BEGIN

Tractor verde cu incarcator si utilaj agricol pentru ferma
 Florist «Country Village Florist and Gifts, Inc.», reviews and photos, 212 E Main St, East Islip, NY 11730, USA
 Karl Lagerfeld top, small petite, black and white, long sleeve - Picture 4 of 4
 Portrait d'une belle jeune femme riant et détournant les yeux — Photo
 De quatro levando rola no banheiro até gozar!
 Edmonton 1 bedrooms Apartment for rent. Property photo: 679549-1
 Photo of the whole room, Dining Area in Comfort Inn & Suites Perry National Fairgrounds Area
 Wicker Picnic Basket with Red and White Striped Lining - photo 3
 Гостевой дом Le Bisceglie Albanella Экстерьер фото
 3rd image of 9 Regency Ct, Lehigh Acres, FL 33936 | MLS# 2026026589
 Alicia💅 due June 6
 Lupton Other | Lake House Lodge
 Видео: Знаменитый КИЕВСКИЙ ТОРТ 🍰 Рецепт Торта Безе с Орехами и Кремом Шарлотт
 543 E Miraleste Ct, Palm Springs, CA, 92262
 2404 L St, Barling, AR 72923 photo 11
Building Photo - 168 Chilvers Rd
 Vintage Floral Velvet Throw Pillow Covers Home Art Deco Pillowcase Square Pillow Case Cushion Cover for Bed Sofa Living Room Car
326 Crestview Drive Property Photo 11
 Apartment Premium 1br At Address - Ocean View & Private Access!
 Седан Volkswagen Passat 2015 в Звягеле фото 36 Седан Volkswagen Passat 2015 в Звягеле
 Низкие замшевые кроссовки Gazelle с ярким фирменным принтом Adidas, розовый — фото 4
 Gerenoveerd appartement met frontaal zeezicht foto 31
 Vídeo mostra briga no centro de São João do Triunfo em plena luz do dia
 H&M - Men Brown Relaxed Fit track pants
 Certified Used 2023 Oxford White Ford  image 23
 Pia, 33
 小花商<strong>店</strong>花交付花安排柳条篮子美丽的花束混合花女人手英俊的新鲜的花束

END

▸ **Exercise requirements**: Give back exactly the lines from the line holding "Vídeo mostra briga" through the last line of the listing, including both.

▸ **Solution**:
 Vídeo mostra briga no centro de São João do Triunfo em plena luz do dia
 H&M - Men Brown Relaxed Fit track pants
 Certified Used 2023 Oxford White Ford  image 23
 Pia, 33
 小花商<strong>店</strong>花交付花安排柳条篮子美丽的花束混合花女人手英俊的新鲜的花束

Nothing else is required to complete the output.